■ **RECORDS**:
━━━━━━━━━━━━━━━━━━━━━━━━━━━━━━

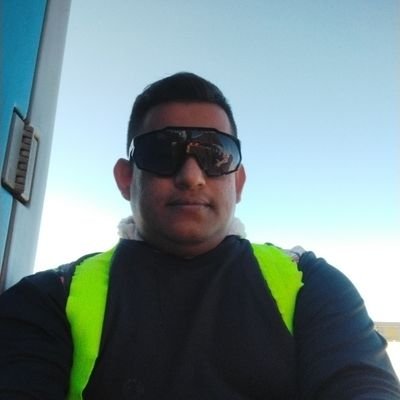 AlexReyes_0409's profile picture. Nacimos y nos enseñaron el mundo de una manera vaga y cruel, ya hoy puedo decir que no queremos seguir viviendo en ese mundo,todo cambio nace de una Revolución.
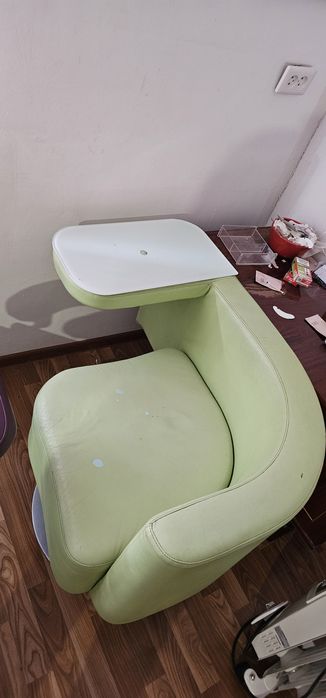 Продам кресло для салонов красоты и мастеров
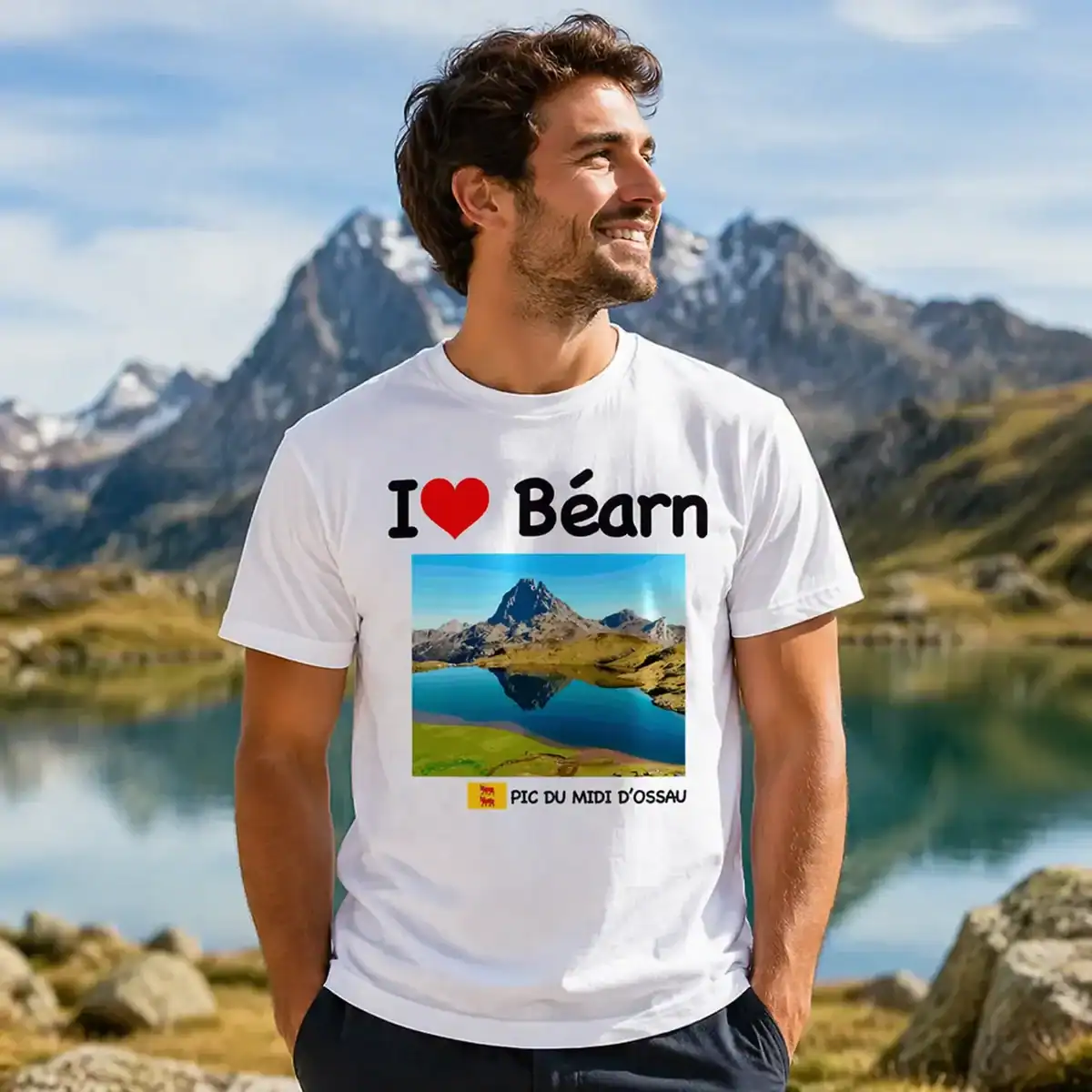 T-shirt I love Béarn porté par homme en extérieur montagne lac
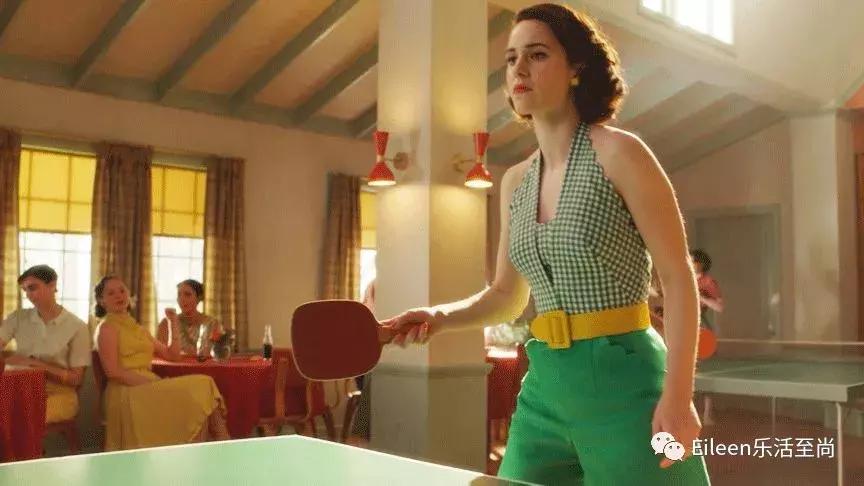 弃出轨前夫再惹桃花，纽约名媛离婚爆红，5000套美裙包裹励志大戏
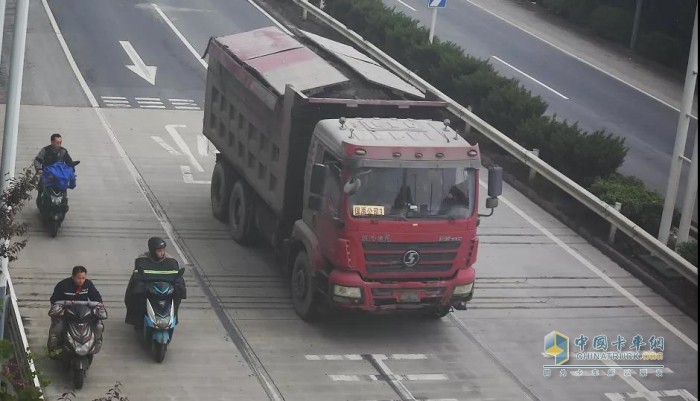 道路交通 貨車運(yùn)輸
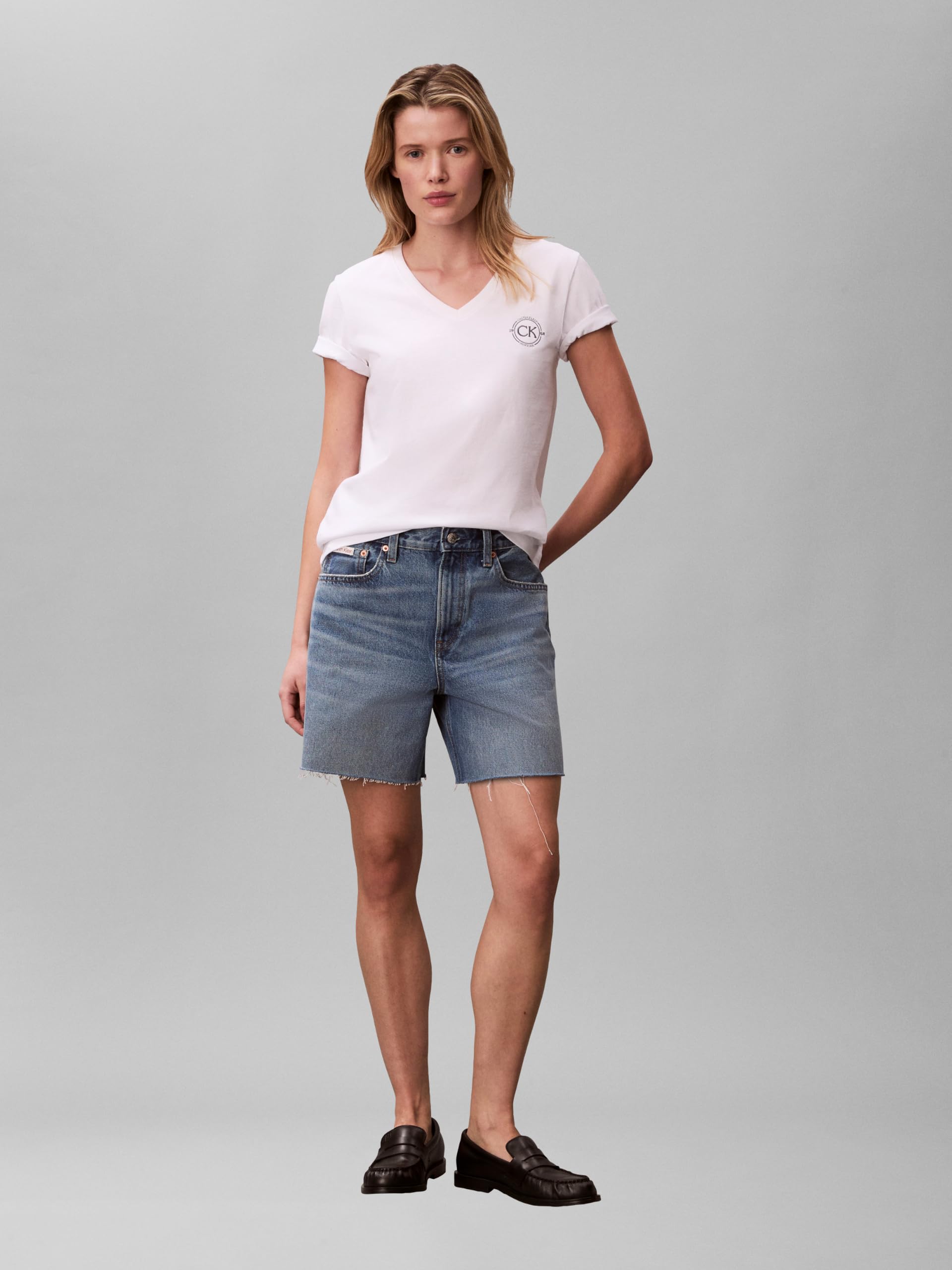 SS VNECK GRAPHIC TEE T-shirt Kadın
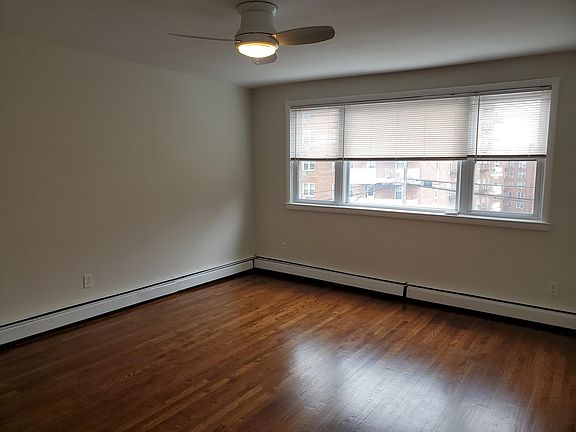 4th image of 35 Yonkers Ter Floor 2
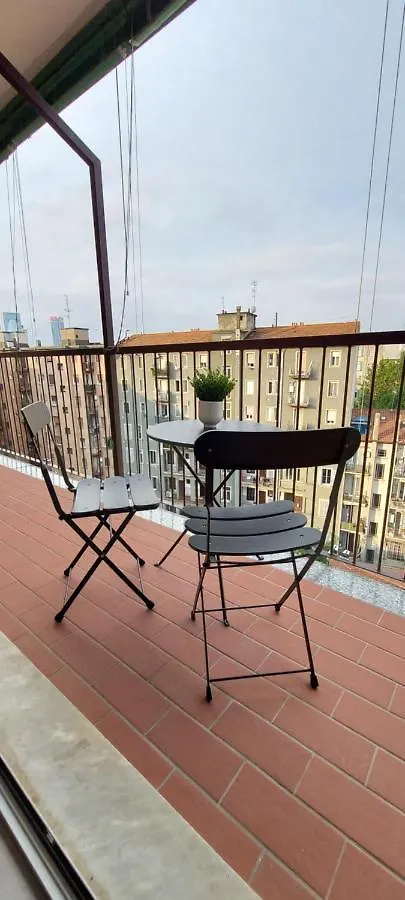Apartment Suite Rent Milan 3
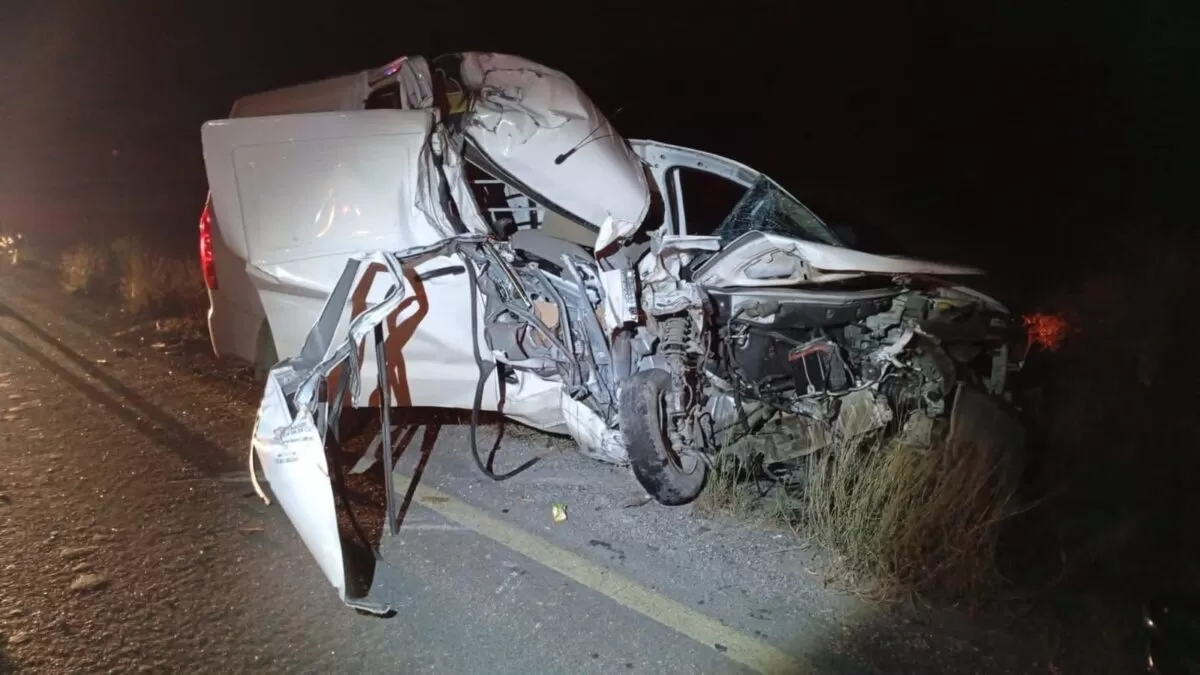 Camioneta se estrella contra camión de volteo en la Tampico–Valles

━━━━━━━━━━━━━━━━━━━━━━━━━━━━━━

■ **PROMPT**: Every line from the one holding "道路交通 貨車運(yùn)輸" to the last line of the listing above, inclusive, must appear exactly as written, and no picture may appear.

■ **RESULT**:
 道路交通 貨車運(yùn)輸
 SS VNECK GRAPHIC TEE T-shirt Kadın
 4th image of 35 Yonkers Ter Floor 2
Apartment Suite Rent Milan 3
 Camioneta se estrella contra camión de volteo en la Tampico–Valles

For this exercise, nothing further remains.